UN chief warns of famine in Yemen
UNITED NATIONS/ RIYADH: UN Secretary General Antonio Guterres warned on Friday that Yemen could face “the worst famine we have seen in decades” and urged the country’s warring parties to immediately halt the violence.
The UN chief told reporters “the urgency of the humanitarian crisis leaves no room for complacency” and the “building wave of momentum” for peace must be seized.
UN humanitarian chief Mark Lowcock warned last week that “there is a clear and present danger of an imminent and great big famine engulfing Yemen” that could affect 14 million people half of the country’s population.
The conflict began in 2014 when Houthi rebels toppled the internationally recognised government. A Saudi-led coalition allied with the government has been fighting the Houthis since 2015.
Guterres said more and more countries are engaged in helping create conditions for the warring parties to understand the need to cease hostilities and engage in serious negotiations.
He urged the coalition and the Houthis “to overcome obstacles and resolve differences through dialogue” at UN facilitated talks later this month.
Guterres stressed that “violence must stop everywhere with an immediate halt around critical infrastructure and densely populated areas.”

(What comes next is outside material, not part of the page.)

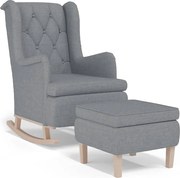 vidaXL Fotoliu balansoar cu taburet, gri deschis, material textil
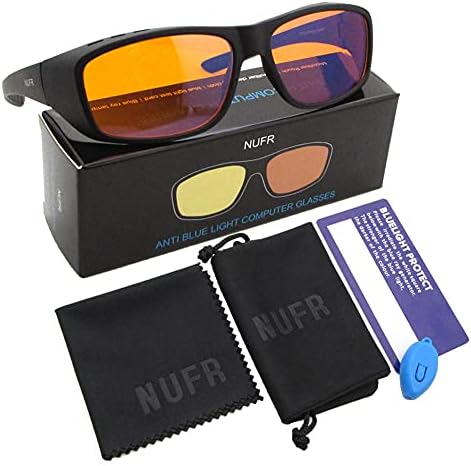 NUFR Fitover Blue Mild Blocking Pc Glasses for Ladies and Males -Match Over Prescription or Studying Eyeglasses Pc Gaming Glasses (Single Black with Orange Lens)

“My objective is to appeal to the parties to the conflict to understand that there is an opportunity that must be seized, and to say that the humanitarian situation is so dire that if that doesn’t happen” the world will have to deal with a famine in Yemen next year, he said.
“I must say, I hope the voice of reason will prevail,” Guterres said.
Coalition hits airbase
A Saudi-led coalition fighting in Yemen said on Friday it attacked an airbase in the rebel-held capital Sanaa, a day after the Saudi-backed government offered to restart peace talks with the insurgents.
“This operation includes targeting of ballistic-missile launch and storage locations... bomb-making and assembly workshops and their support locations in Al-Dailami Airbase in Sanaa,” coalition spokesman Turki al-Malki said in a statement.
He added that the adjoining Sanaa international airport was still open to air traffic from the United Nations and other relief agencies.
Calling the attacked structures “legitimate military targets”, Malki said he will provide “evidence” of violations by the Iran-aligned Houthi rebels later on Friday.
The development comes a day after the Yemeni government said it welcomed “all efforts to restore peace” following calls by key US officials and the UN’s envoy to Yemen Martin Griffiths for warring parties to come to the table “within a month”.
US Defence Secretary Jim Mattis and Secretary of State Mike Pompeo have called for an end to the Yemen war, including air strikes by the coalition.